» **Your goal**
Output only the lines below from the one holding "Ted Lasso |" down to the one holding "طقم حقائب سفر", both end lines included and every picture dropped.

++++

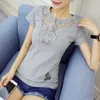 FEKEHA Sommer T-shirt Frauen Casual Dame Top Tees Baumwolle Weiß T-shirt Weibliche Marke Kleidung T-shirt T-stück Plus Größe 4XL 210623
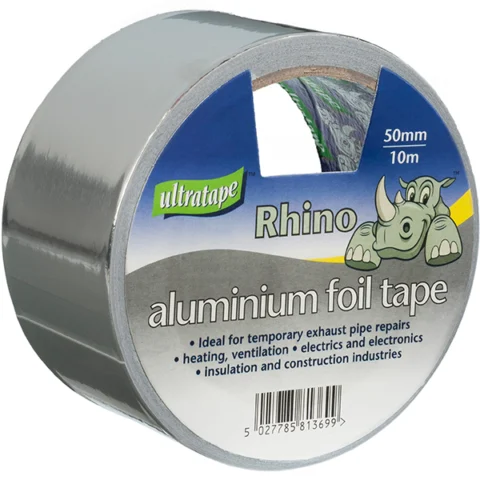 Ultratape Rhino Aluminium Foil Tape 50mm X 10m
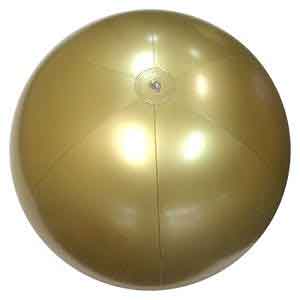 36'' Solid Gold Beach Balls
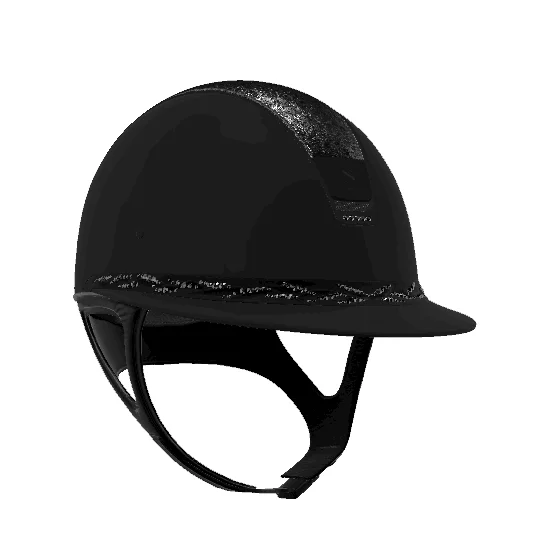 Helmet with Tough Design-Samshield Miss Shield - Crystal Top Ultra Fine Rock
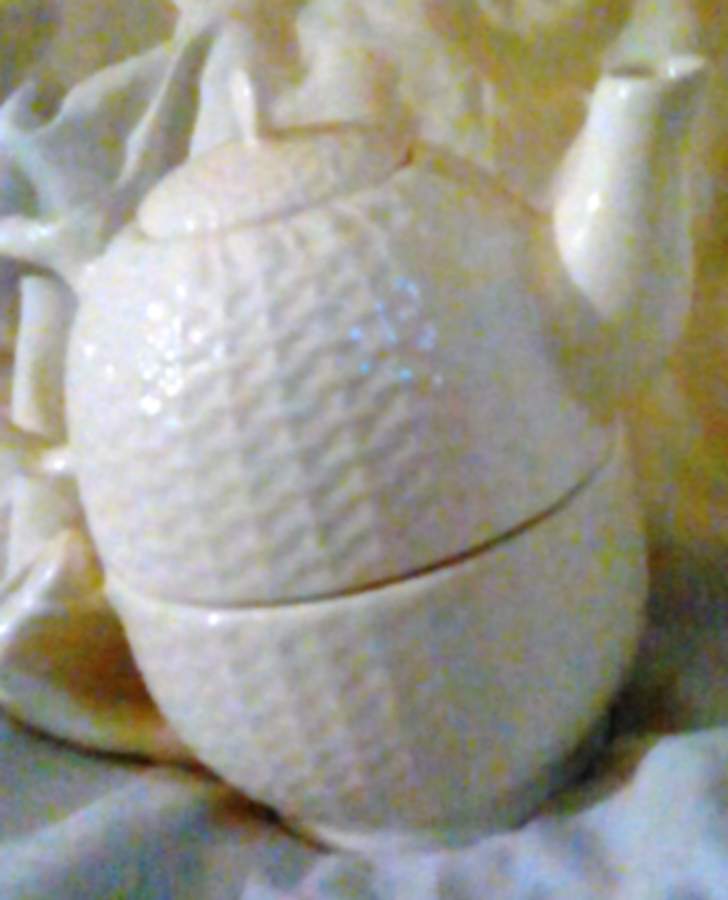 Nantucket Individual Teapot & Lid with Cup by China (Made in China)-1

++++

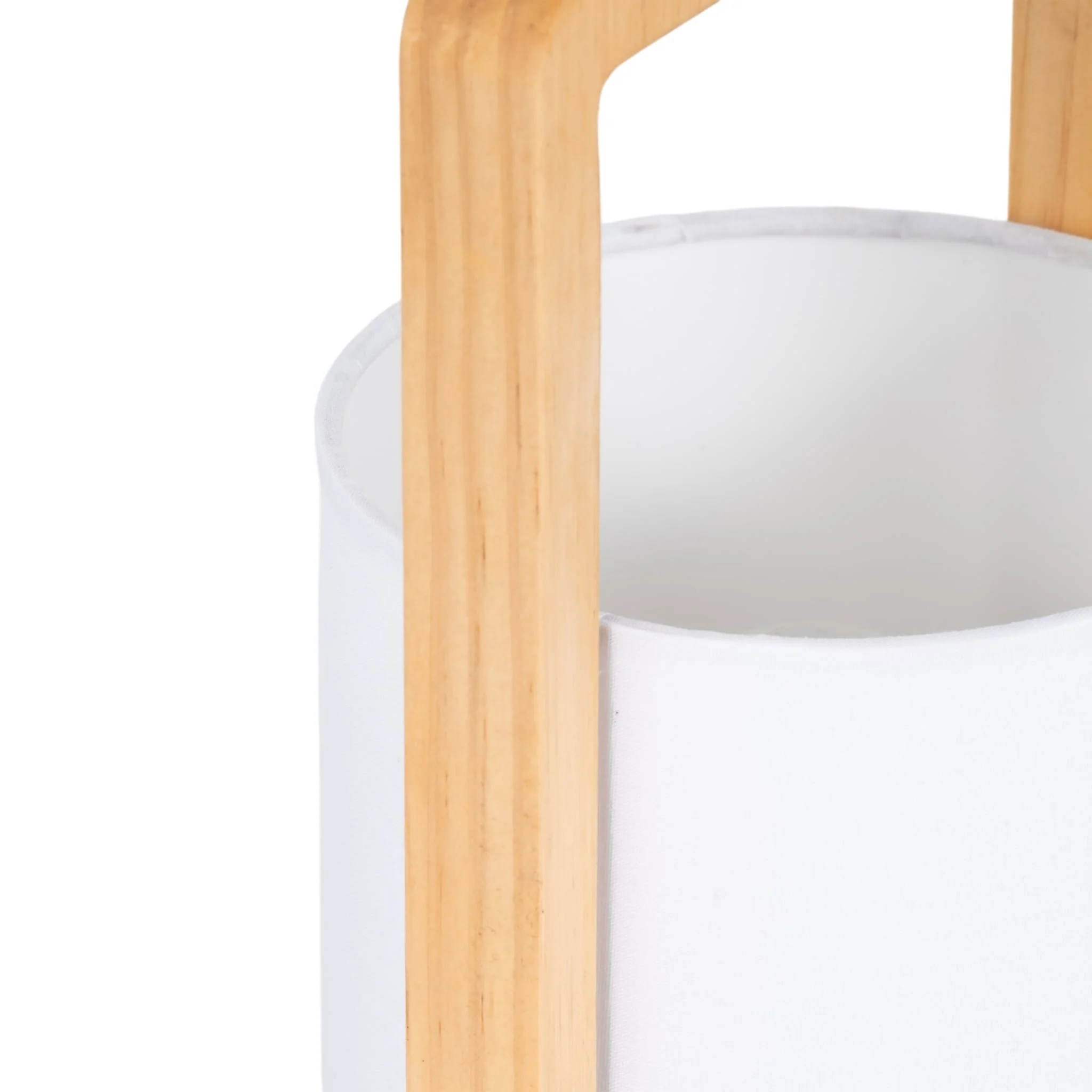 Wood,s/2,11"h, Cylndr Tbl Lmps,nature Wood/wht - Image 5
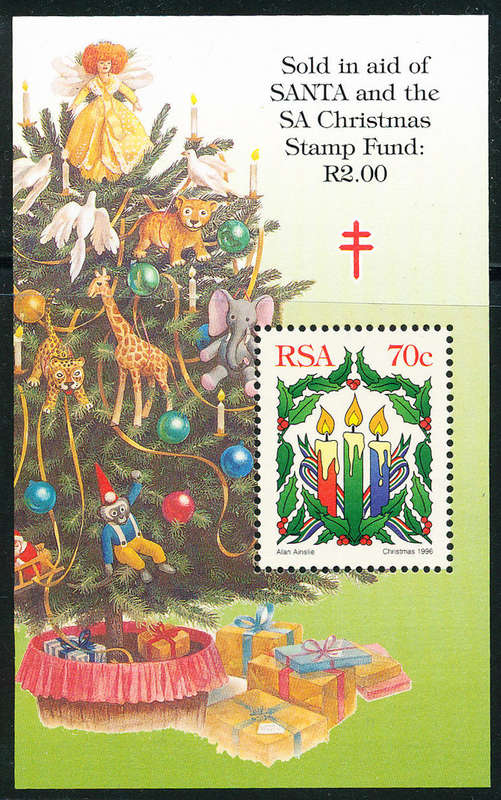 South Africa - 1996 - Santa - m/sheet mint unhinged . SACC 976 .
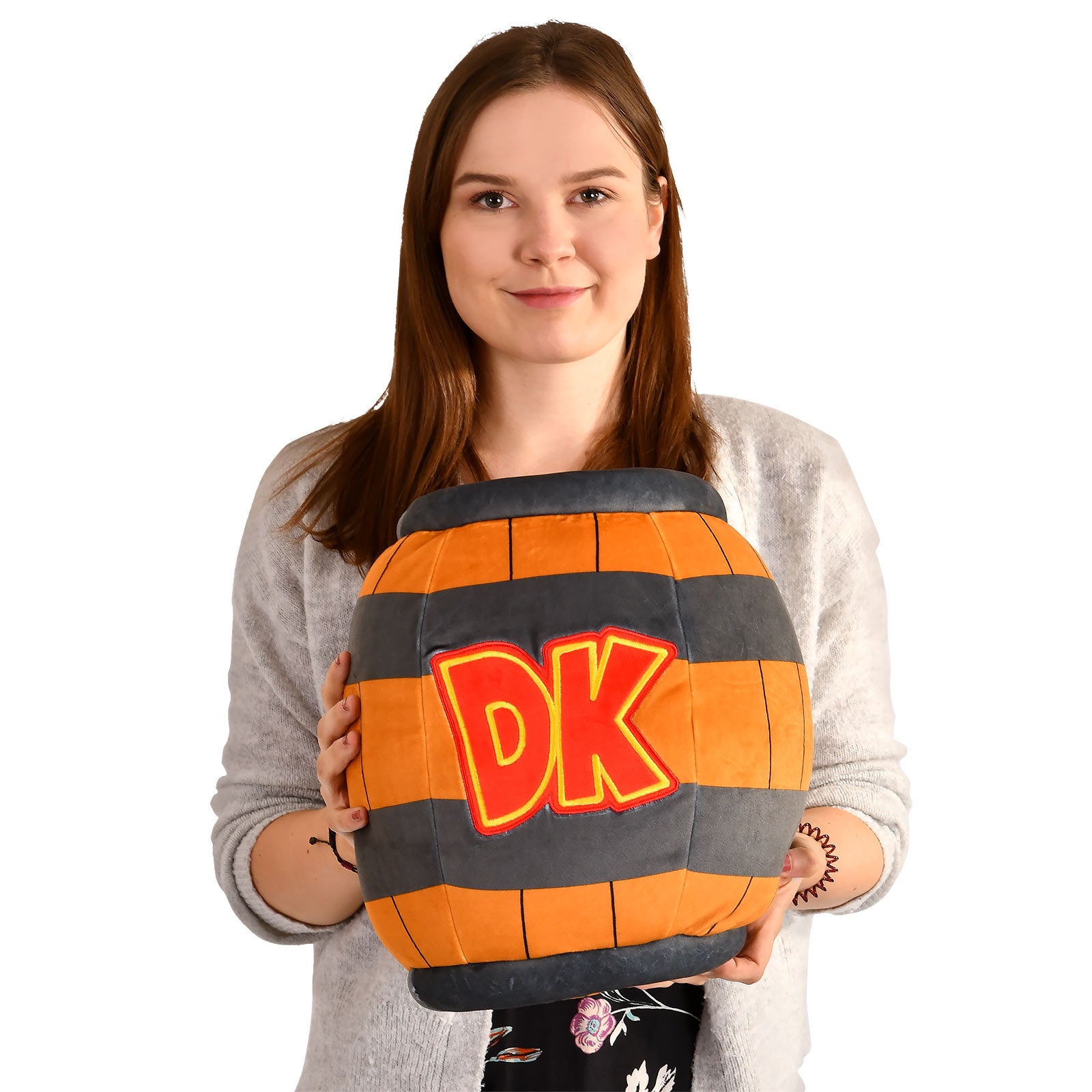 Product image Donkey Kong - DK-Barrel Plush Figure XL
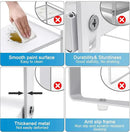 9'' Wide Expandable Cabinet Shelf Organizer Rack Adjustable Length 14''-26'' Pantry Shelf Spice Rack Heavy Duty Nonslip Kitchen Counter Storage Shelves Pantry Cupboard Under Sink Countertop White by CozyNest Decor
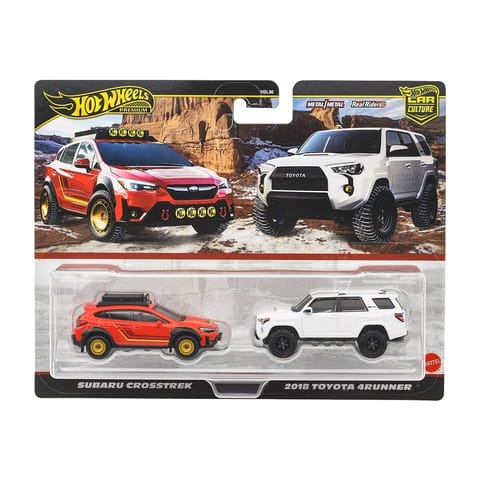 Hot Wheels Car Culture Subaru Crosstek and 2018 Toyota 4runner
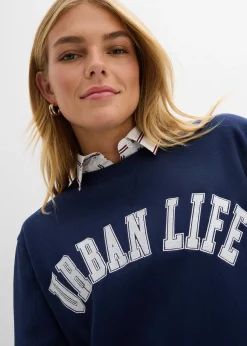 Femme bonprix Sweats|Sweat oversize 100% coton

++++

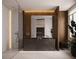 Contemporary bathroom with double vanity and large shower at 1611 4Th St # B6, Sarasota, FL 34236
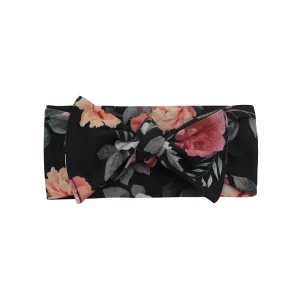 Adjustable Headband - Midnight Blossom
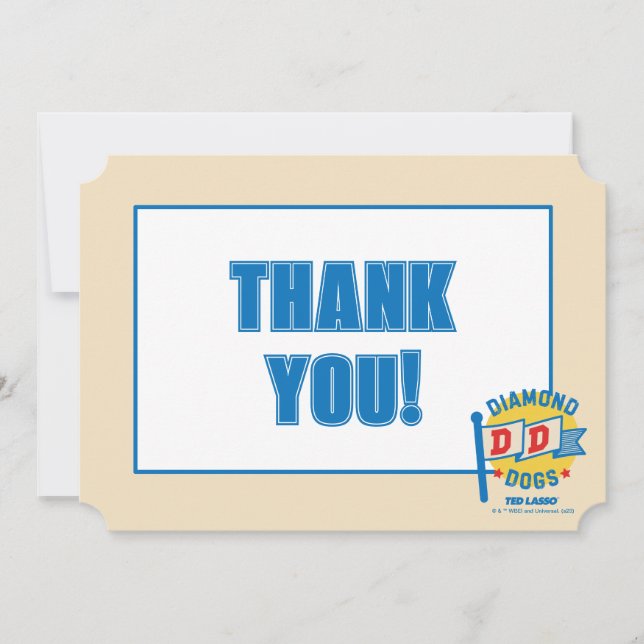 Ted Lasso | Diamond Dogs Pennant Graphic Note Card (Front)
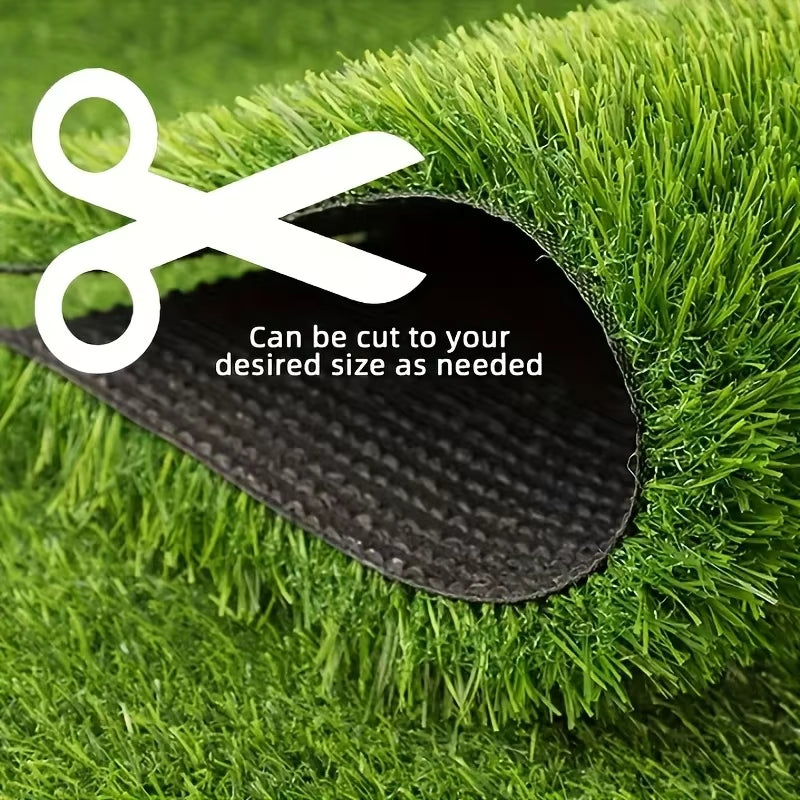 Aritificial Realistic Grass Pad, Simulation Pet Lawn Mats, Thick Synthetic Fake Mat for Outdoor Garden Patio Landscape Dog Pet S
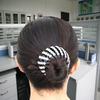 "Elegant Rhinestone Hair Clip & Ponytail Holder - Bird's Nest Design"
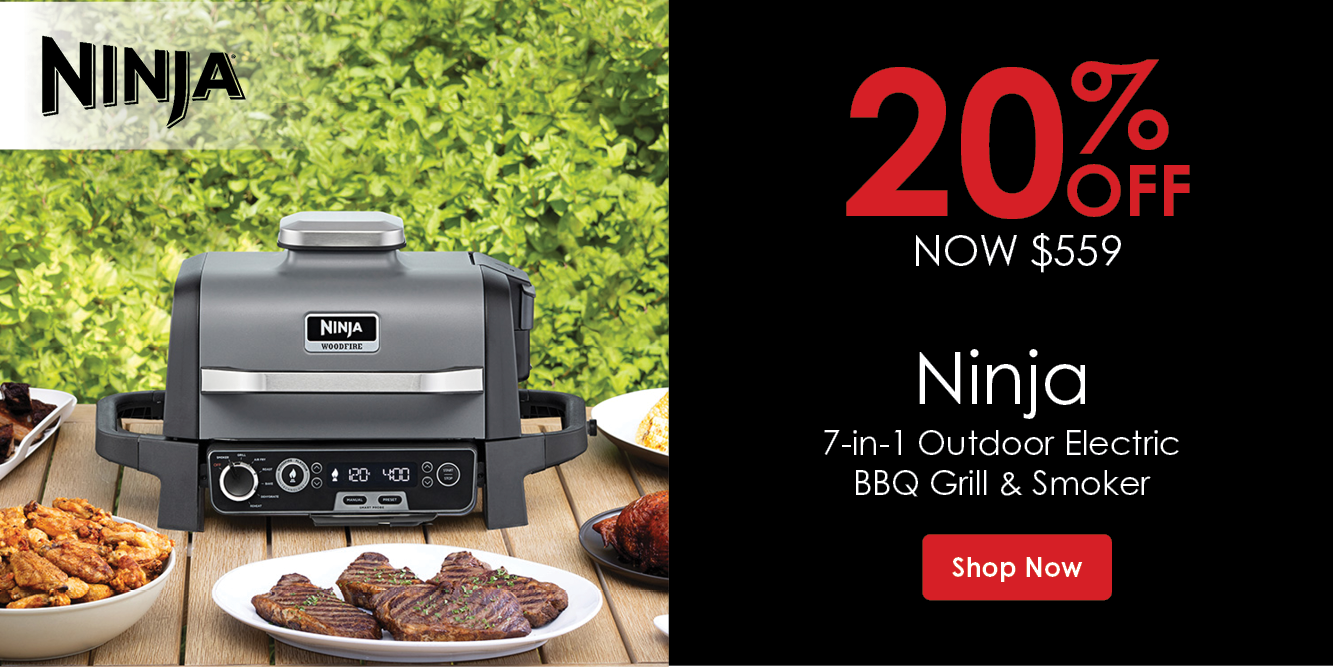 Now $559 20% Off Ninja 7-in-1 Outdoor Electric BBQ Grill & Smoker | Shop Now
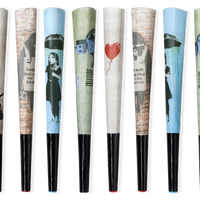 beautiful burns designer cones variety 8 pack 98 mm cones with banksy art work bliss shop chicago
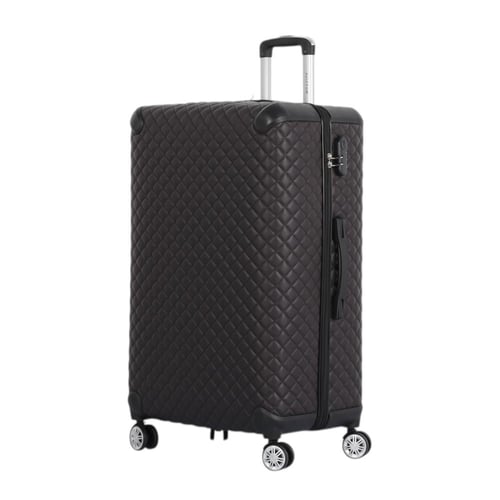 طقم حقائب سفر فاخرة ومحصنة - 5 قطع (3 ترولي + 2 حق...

++++

» **Expected answer**
 Ted Lasso | Diamond Dogs Pennant Graphic Note Card (Front)
 Aritificial Realistic Grass Pad, Simulation Pet Lawn Mats, Thick Synthetic Fake Mat for Outdoor Garden Patio Landscape Dog Pet S
 "Elegant Rhinestone Hair Clip & Ponytail Holder - Bird's Nest Design"
 Now $559 20% Off Ninja 7-in-1 Outdoor Electric BBQ Grill & Smoker | Shop Now
 beautiful burns designer cones variety 8 pack 98 mm cones with banksy art work bliss shop chicago
 طقم حقائب سفر فاخرة ومحصنة - 5 قطع (3 ترولي + 2 حق...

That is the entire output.